[Material to process Boundary: Start]

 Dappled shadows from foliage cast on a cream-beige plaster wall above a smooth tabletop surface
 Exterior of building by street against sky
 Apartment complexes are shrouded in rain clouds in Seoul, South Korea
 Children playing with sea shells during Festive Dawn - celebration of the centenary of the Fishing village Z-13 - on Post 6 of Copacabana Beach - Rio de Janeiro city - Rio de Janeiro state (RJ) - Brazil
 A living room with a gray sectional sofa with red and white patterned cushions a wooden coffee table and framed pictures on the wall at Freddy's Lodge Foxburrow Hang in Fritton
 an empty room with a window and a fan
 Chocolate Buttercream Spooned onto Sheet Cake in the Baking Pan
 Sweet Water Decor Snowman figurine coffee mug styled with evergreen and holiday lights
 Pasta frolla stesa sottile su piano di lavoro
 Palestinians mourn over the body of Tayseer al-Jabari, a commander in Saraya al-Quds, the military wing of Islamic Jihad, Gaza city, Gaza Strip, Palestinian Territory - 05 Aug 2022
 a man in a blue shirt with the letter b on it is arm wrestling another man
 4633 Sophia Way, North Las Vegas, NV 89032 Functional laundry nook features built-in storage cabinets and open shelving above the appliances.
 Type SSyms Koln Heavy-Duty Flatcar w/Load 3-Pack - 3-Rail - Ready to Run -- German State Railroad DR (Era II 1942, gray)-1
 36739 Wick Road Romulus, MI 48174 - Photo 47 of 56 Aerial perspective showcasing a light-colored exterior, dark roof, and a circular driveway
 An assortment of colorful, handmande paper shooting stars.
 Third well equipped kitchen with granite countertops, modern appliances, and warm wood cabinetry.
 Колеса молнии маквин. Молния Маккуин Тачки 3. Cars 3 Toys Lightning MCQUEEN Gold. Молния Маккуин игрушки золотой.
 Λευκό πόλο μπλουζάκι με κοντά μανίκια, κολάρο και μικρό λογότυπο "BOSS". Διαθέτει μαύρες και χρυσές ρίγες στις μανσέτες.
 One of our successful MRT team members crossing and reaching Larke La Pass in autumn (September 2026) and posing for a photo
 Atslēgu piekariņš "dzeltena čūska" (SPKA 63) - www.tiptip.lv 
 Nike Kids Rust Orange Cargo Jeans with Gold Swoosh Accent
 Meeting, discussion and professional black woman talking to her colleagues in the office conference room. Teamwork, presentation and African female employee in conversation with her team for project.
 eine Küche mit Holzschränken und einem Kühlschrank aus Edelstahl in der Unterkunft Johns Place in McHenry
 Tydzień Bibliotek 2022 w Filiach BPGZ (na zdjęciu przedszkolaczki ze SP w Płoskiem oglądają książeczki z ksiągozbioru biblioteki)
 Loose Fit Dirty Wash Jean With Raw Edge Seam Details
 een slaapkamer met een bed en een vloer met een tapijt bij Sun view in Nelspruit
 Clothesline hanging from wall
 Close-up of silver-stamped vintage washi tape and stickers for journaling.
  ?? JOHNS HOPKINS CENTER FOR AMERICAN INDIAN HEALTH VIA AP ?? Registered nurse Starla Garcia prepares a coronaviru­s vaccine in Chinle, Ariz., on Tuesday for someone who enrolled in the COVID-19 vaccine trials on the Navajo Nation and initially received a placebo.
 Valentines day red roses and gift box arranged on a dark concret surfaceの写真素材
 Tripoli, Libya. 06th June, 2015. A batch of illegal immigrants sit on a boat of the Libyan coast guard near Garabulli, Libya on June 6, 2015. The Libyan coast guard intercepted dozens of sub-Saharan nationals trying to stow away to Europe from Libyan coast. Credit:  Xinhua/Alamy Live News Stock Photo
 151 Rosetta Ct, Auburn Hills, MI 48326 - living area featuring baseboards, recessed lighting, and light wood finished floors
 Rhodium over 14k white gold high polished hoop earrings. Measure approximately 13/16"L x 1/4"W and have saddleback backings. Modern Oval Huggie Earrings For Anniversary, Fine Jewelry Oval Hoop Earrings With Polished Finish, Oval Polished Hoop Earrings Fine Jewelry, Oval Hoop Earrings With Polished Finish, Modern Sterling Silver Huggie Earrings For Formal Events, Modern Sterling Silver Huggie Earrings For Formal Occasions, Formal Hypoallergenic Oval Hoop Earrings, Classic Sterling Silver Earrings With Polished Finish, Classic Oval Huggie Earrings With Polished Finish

[Material to process Boundary: End]

• **Exercise directions**
Search the data for "over" and list every line in which it occurs.

• **Answer section**
 Palestinians mourn over the body of Tayseer al-Jabari, a commander in Saraya al-Quds, the military wing of Islamic Jihad, Gaza city, Gaza Strip, Palestinian Territory - 05 Aug 2022
 Rhodium over 14k white gold high polished hoop earrings. Measure approximately 13/16"L x 1/4"W and have saddleback backings. Modern Oval Huggie Earrings For Anniversary, Fine Jewelry Oval Hoop Earrings With Polished Finish, Oval Polished Hoop Earrings Fine Jewelry, Oval Hoop Earrings With Polished Finish, Modern Sterling Silver Huggie Earrings For Formal Events, Modern Sterling Silver Huggie Earrings For Formal Occasions, Formal Hypoallergenic Oval Hoop Earrings, Classic Sterling Silver Earrings With Polished Finish, Classic Oval Huggie Earrings With Polished Finish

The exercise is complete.